What It’s Like Living with a Spanish Family

So for those of you who didn’t know, I have been living with a Spanish host family since the beginning of January. My friend Danielle (who moved here with me last fall) decided not to return to Spain after the holidays, so I had to find a new living situation. Instead of living with other college students, I opted for a more authentic, immersive experience 🙂 And what an experience it’s been!

Being in Spain on my own coupled with living with this family has been challenging in a lot of ways. For one thing, my host parents don’t speak ANY English. Fortunately, they have two daughters – 18 and 9 – who go to bilingual schools and have a basic level of English, so they are able to help translate when needed… that is, if they’re around 😛 On the bright side, my Spanish is improving exponentially!

The best part of this new set-up that I get to eat meals with them, which means I’m finally ‘eating like a Spaniard’ in its truest form! I gotta say, it’s pretty darn sweet to have authentic Spanish meals cooked for me every night. And now I’ve got the inside scoop on a what real Spanish family’s diet looks like. I’ve observed SO much, but here are a few of their biggest customs:

  • The juicer is my backup alarm clock. Every morning, without fail, my host dad makes freshly-squeezed orange juice with their electric juicer.
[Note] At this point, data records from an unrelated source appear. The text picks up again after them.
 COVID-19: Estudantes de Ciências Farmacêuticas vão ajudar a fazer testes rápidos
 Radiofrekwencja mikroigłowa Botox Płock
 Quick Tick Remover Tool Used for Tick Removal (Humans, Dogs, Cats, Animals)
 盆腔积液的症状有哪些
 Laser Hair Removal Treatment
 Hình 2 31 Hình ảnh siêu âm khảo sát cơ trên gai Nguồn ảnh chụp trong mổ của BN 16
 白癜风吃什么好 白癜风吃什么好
That’s actually the normal way to consume orange juice here – every cafe/restaurant has a Zumex juicing machine where the whole oranges drop in and are cut and squeezed for a fresh cup. I love it! hashtag natural. The family’s machine is pretty loud so it has actually saved me more than a couple times from oversleeping 😛  Double win.
  • It’s not a meal without bread. I couldn’t be more serious. There is a baguette on the table at E V E R Y meal, of course fresh from the bakery that day. Everyone gets a plain ripped-off piece and no one says “Oh actually I’m trying to cut back on carbs.” And if for some strange reason the bakery errand is overlooked, they bust out sandwich bread or hot dog rolls or something -ANYTHING- to prevent having a meal without bread!
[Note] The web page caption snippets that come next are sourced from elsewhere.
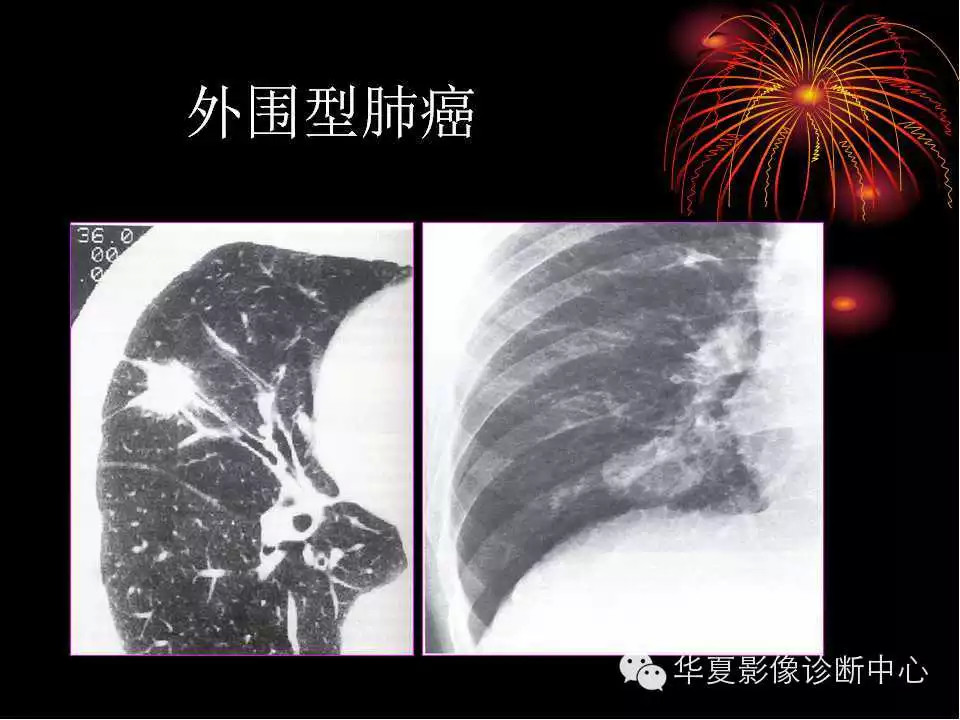 肺与纵隔的影像诊断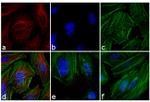 Mouse IgG (H+L) Highly Cross-Adsorbed Secondary Antibody in Immunocytochemistry (ICC/IF)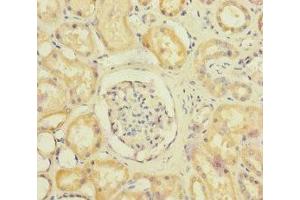 Immunohistochemistry of paraffin-embedded human kidney tissue using ABIN7170910 at dilution of 1:100 (SUCLA2 anticorps  (AA 1-180))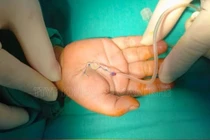 Vui chơi, trẻ ngã vào mảnh thủy tinh đứt nhiều gân ngón tay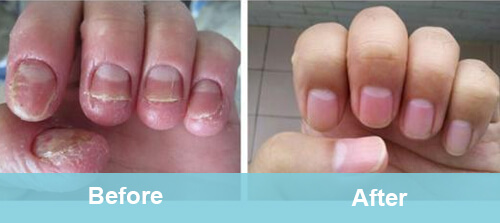 Nails Fungus Removal Treatment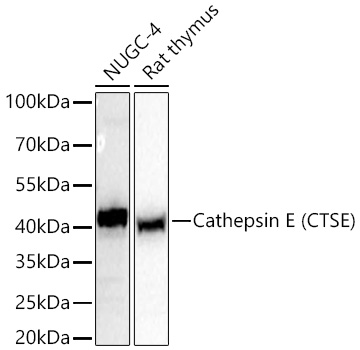 Western blot analysis of various lysates using Cathepsin E (CTSE) Rabbit mAb at 1:5000 dilution incubated overnight at 4℃.|Secondary antibody: HRP-conjugated Goat anti-Rabbit IgG (H+L) at 1:10000 dilution.|Lysates/proteins: 25 μg per lane.|Blocking buffer: 3% nonfat dry milk in TBST.|Detection: ECL Basic Kit.|Exposure time: 1 s.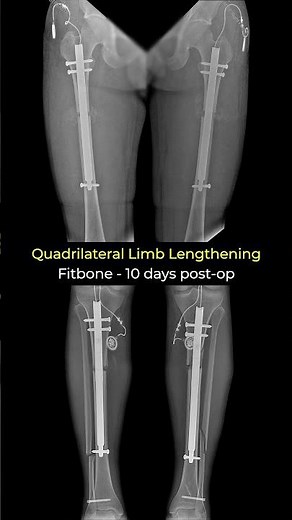 X-Ray - Quadrilateral Limb Lengthening with Fitbone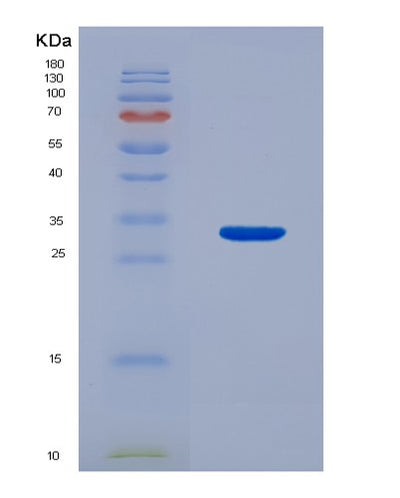 SDS-PAGE analysis of Human CDC6 (Cell Division Control Protein 6 Homolog) - Recombinant Protein, CAT# BLT-07767P, showing >90% purity under 15% SDS-PAGE (Reduced)Human CDC6 (Cell Division Control Protein 6 Homolog) - Recombinant Protein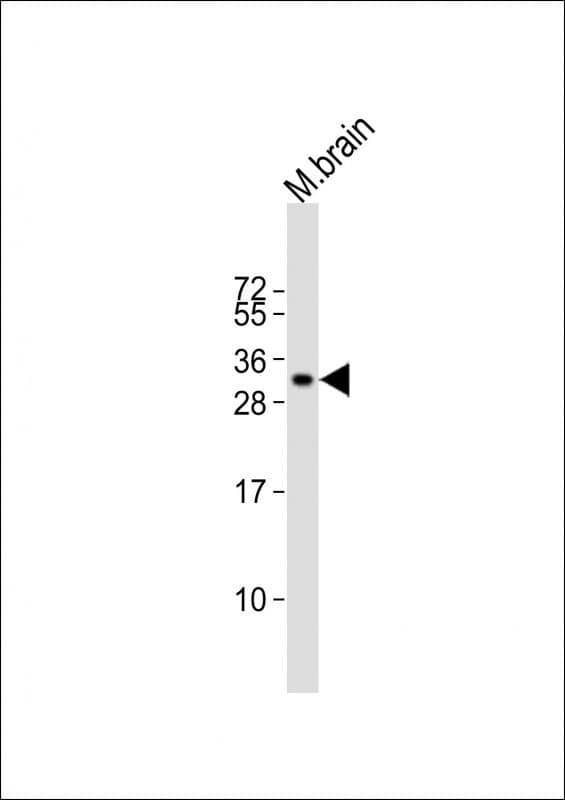 PPP1R1B / DARPP-32 Antibody (aa106-139)
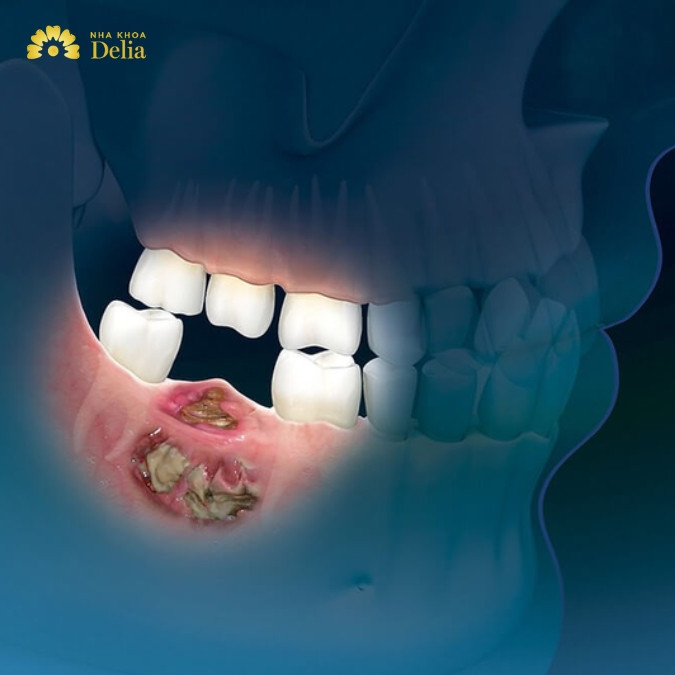 Nhổ răng bị lộ xương hàm trong trường hợp nào? 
I ❤ Gluten.  source: http://www.realities.com.tn

  • Seafood all day, err’ day. Fish, shellfish, and mollusks are a HUGE part of their diet. They’re often served at both lunch and dinner and it’s not unusual to have some type of seafood incorporated into most of the dishes on the table at any given meal. Shrimp, mussels, cockles, bivalves, squid, octopus, tuna, cod, salmon, anchovies, and more. I love fish, but personally I’ve never been a big fan of shellfish/mollusks (it’s a texture thing). That said, I’ll try anything once!


    Razor clams were on the table this weekend and I politely declined, having tried them before. I’m sorry, but how does anyone actually find these appetizing? source: spainisdelicious.wordpress.com

  • Dinner’s at 10. I’d always heard about those late dinners, but not until I started living (and eating) with a family did I realize how very real this is. Since it is usually a light meal, it’s not too rough on the belly to be eating that late, but it does prevent me from getting my 8 hours of sleep that I used to love. “Pero bueno!”
  • Dessert = fresh fruit. Now this is something I can really get on board with. It is very rare that they consume “dessert” the way I’ve always thought of it. No cookies and milk, no ice cream, and certainly not eating it after dinner since dinner is so late already. Instead, they put two bowls of fruit on the table after meals. Ever-present are clementines and oranges (native to Spain), bananas, and apples, with a wide variety of others rotating in and out. Only if there is company over will there be some sort of cake, but this is of course after lunch, not dinner.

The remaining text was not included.